__PROBLEM STATEMENT__
Nothing should appear in the answer except the lines below from the line containing "Arti & Mestieri" through the line containing "Lote | Nueva Cordoba | Cordoba", copied exactly, with pictures left out.

__EXCERPTED DATA__
·····

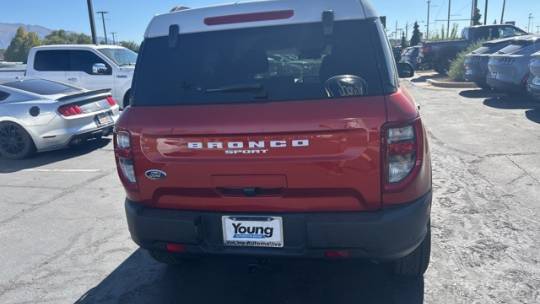 2024 Ford Bronco Sport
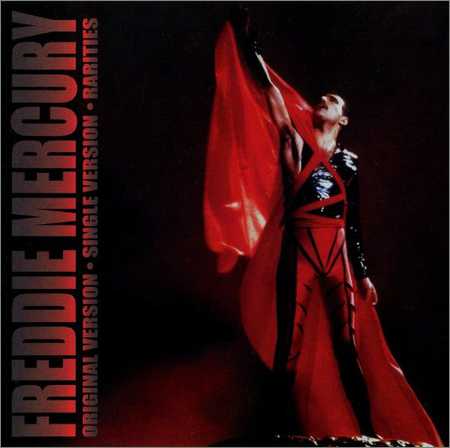 Freddie Mercury - Original Version. Single Version. Rarities (2018)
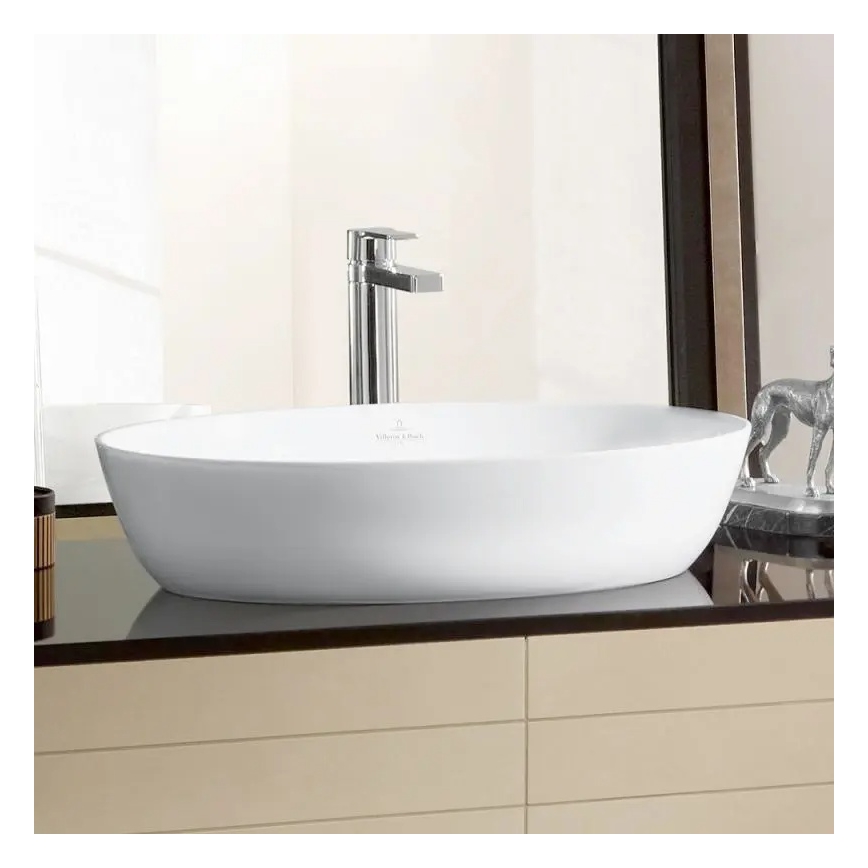 Villeroy & Boch 41986101 - Countertop basin ARTIS 61x41 cm ceramic/white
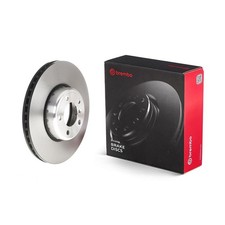 Front Brake Disc Fits BMW 1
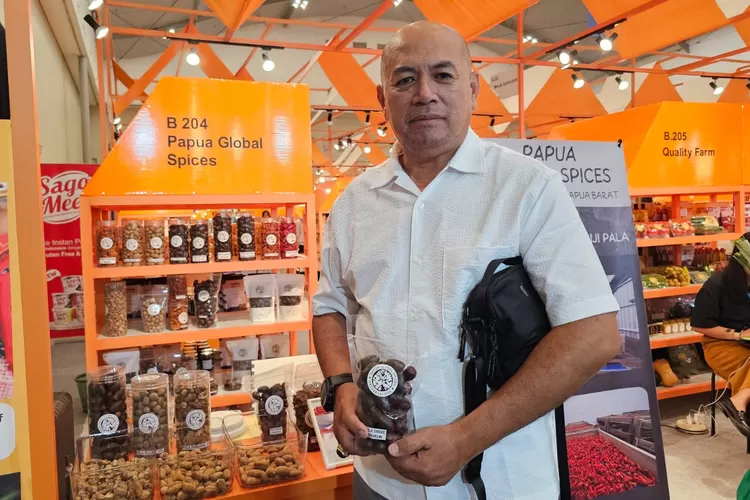 BRI Bantu Papua Global Spices Ekspansi ke Pasar Global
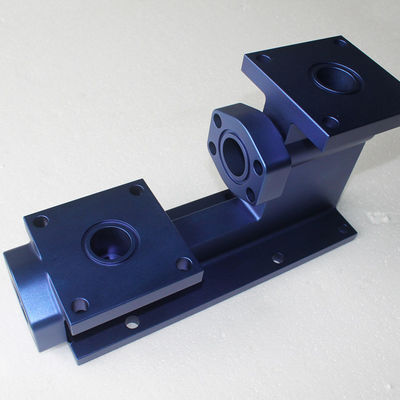 Szybkie prototypowanie aluminium CNC Wysoka precyzja Tolerancja 0,01 mm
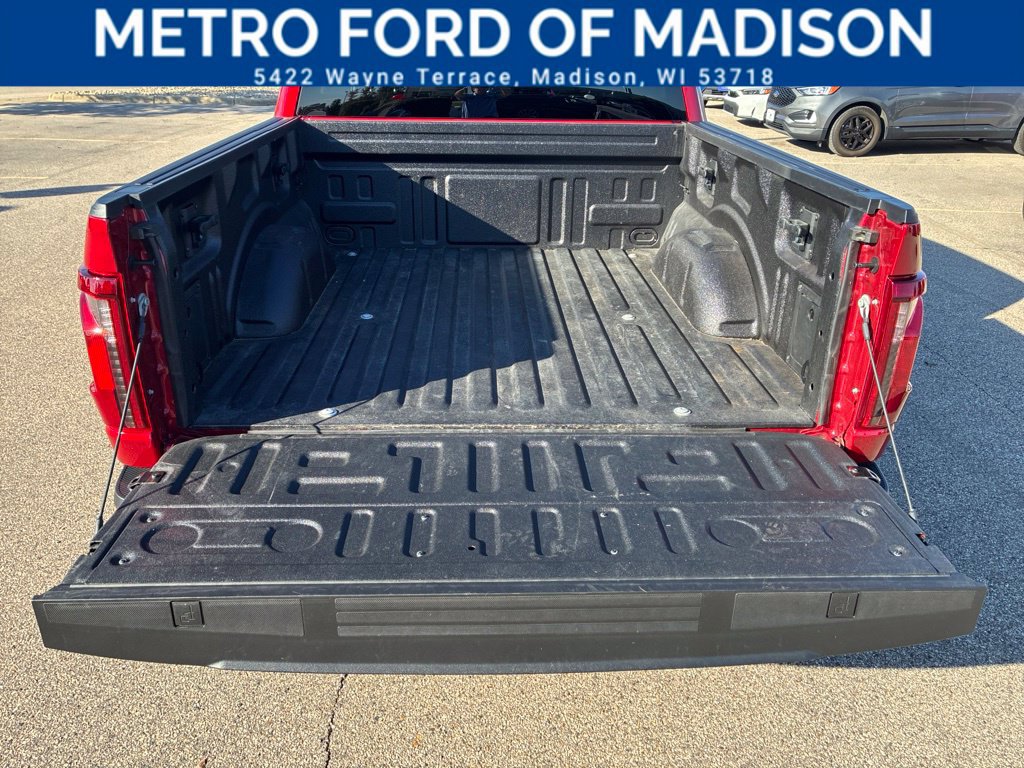 Certified 2024 Ford F150 STX w/ STX Black Appearance Package AWD/4WD image 11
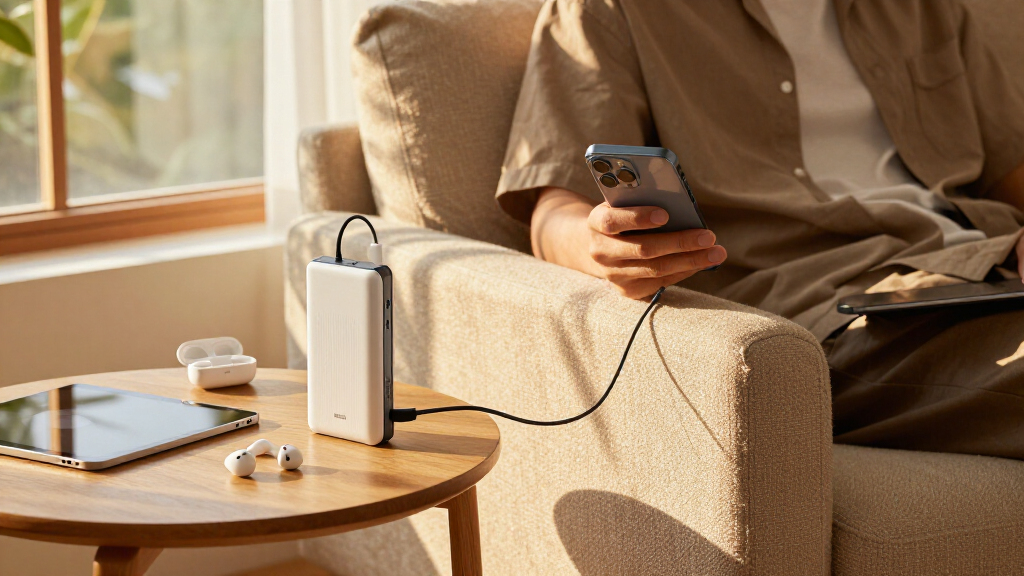 Power Bank Surges In Global Coverage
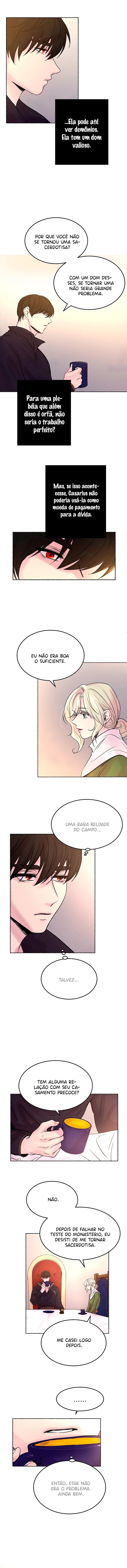 Como o Vento em um Galho Seco Capítulo 6 Página 11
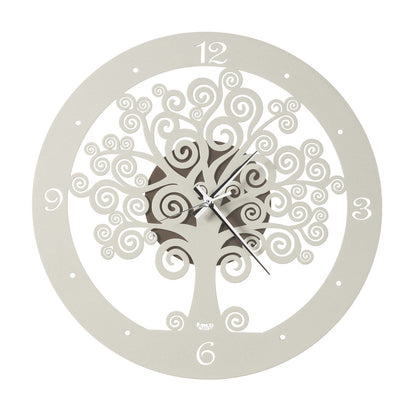 Arti & Mestieri - Orologio da parete particolare Albero della Vita piccolo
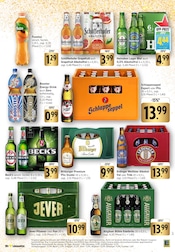 Aktueller EDEKA Prospekt mit Bier, "Aktuelle Angebote", Seite 33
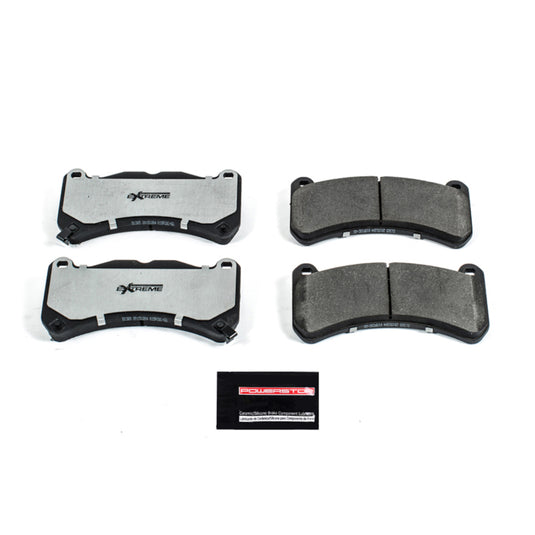 Powerstop Z26-1365 PSB Z26 Extreme Brake Pads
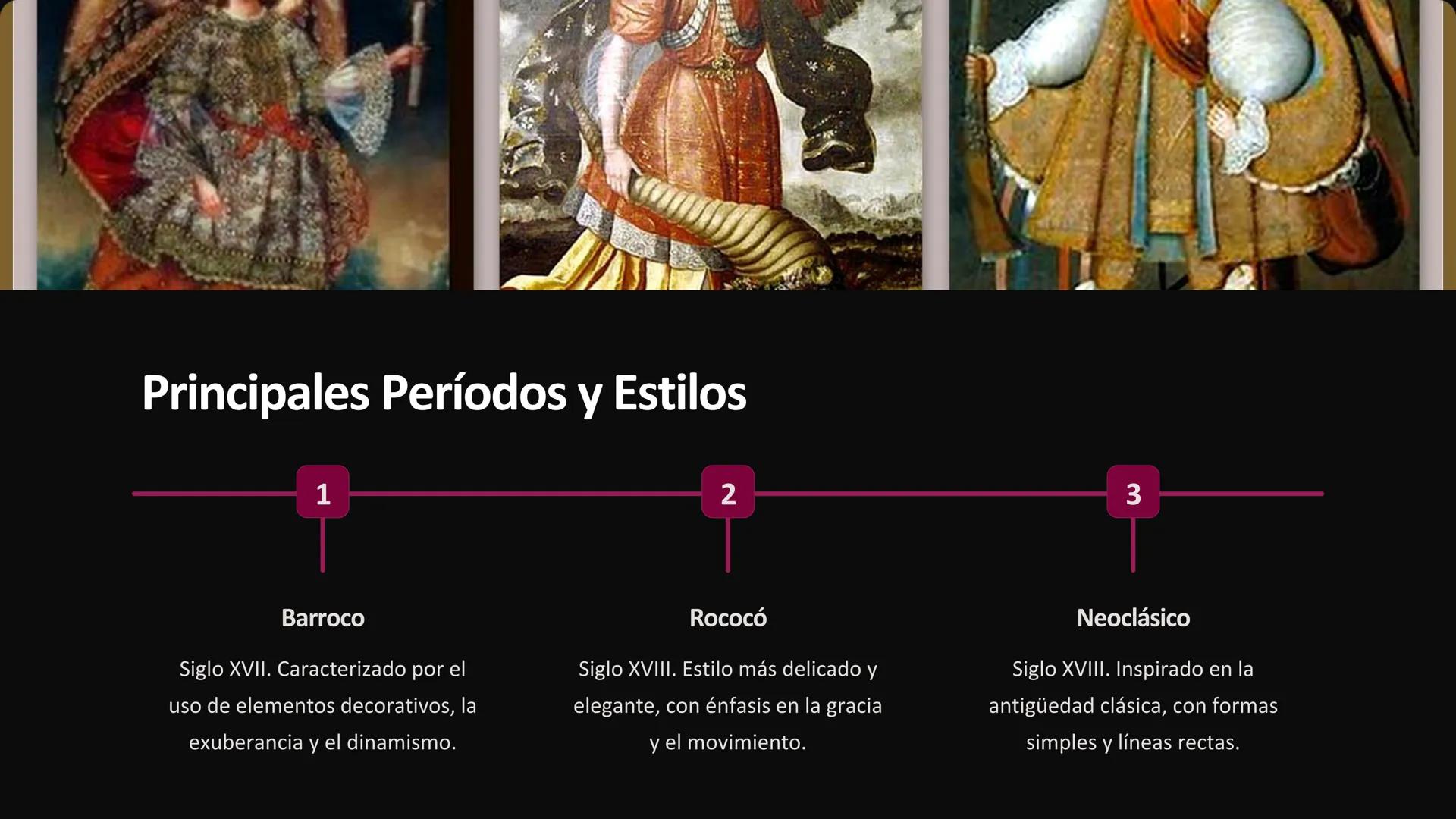 # Arte Colonial: Un Viaje
Viaje a través del
Tiempo
De Efreel
yAlbu
Tel
El arte colonial en América Latina es un testimonio de la fusión de
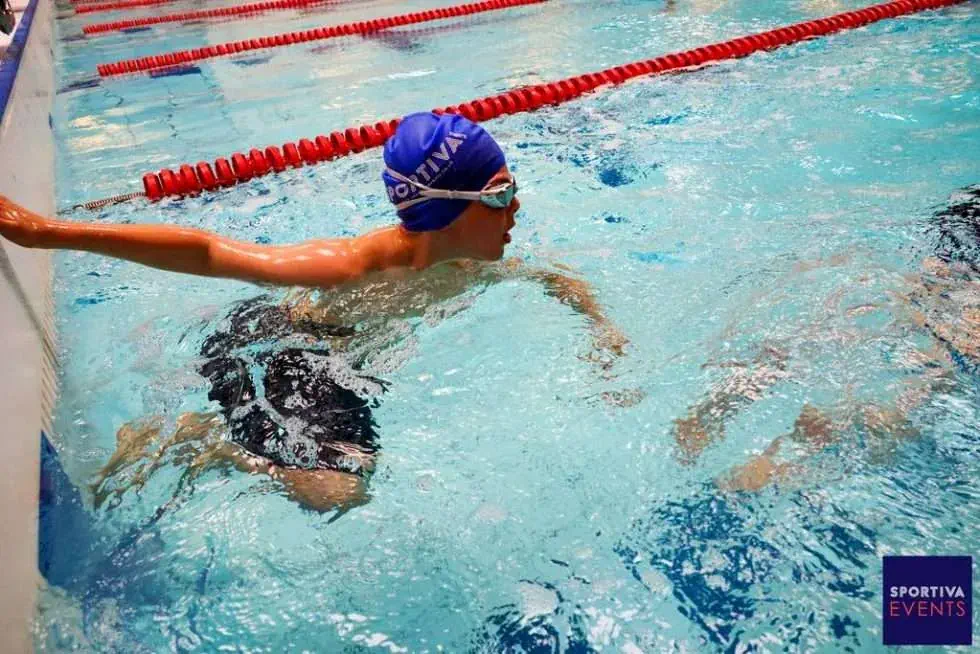 Piscina Centro Sportivo Sprint - Marine - Palermo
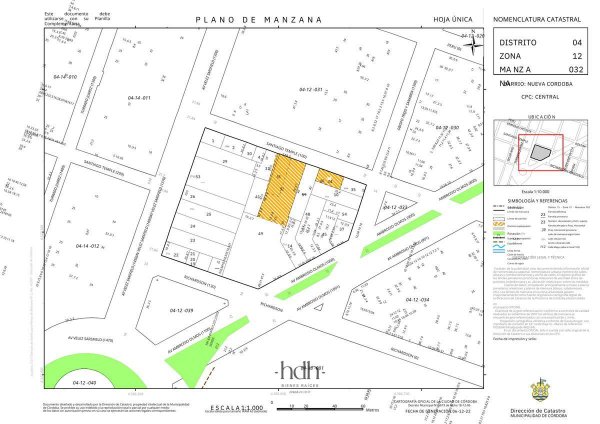 Lote | Nueva Cordoba | Cordoba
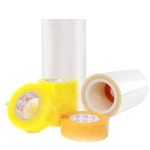 Bopp Film For Adhesive Tape Stock Clear Packing Tape Custom Personalised Tape Whole Sales Bopp Film Jumbo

·····

__RESPONSE TO THIS TASK__
 Arti & Mestieri - Orologio da parete particolare Albero della Vita piccolo
 Aktueller EDEKA Prospekt mit Bier, "Aktuelle Angebote", Seite 33
 Powerstop Z26-1365 PSB Z26 Extreme Brake Pads
 # Arte Colonial: Un Viaje
Viaje a través del
Tiempo
De Efreel
yAlbu
Tel
El arte colonial en América Latina es un testimonio de la fusión de
 Piscina Centro Sportivo Sprint - Marine - Palermo
 Lote | Nueva Cordoba | Cordoba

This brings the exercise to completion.